• **Record set**
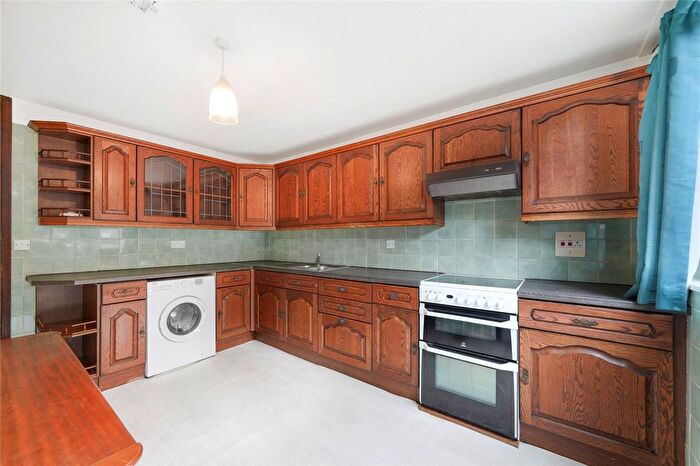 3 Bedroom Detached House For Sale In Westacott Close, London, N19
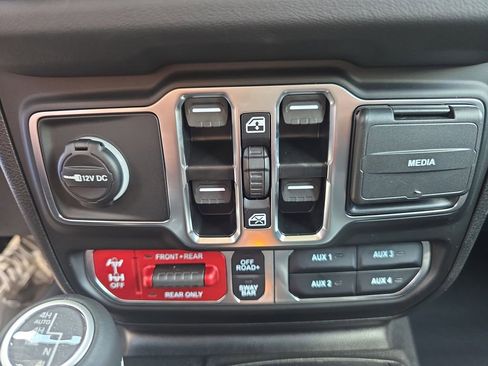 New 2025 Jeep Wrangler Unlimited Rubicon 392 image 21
---
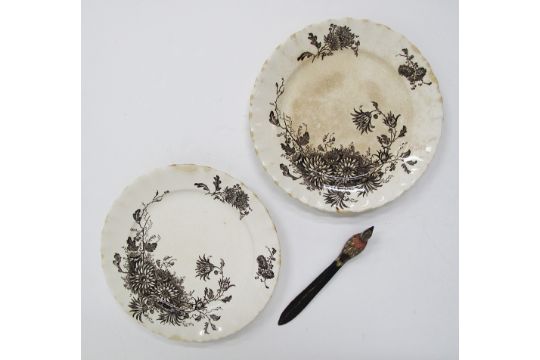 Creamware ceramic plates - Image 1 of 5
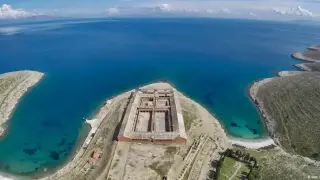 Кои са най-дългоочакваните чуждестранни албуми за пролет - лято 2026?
* * *
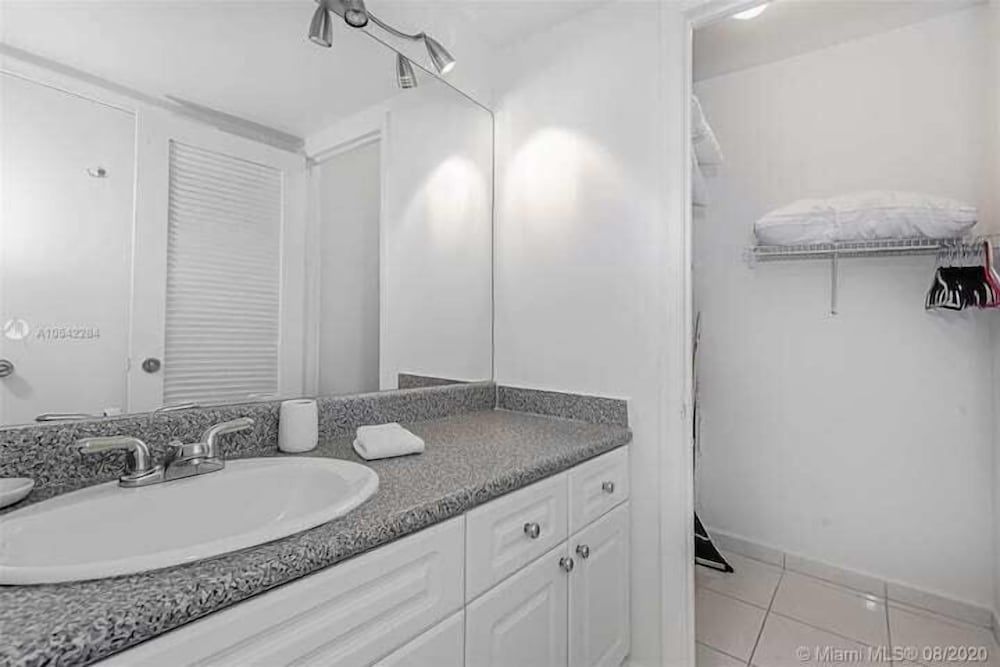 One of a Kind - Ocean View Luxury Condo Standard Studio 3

• **What is expected**
Within the listing above, the lines from the one with "Creamware ceramic plates - Image 1 of 5" through the one with "Кои са най-дългоочакваните" are to be given again word for word. Do not include pictures.

• **Answer box**
 Creamware ceramic plates - Image 1 of 5
 Кои са най-дългоочакваните чуждестранни албуми за пролет - лято 2026?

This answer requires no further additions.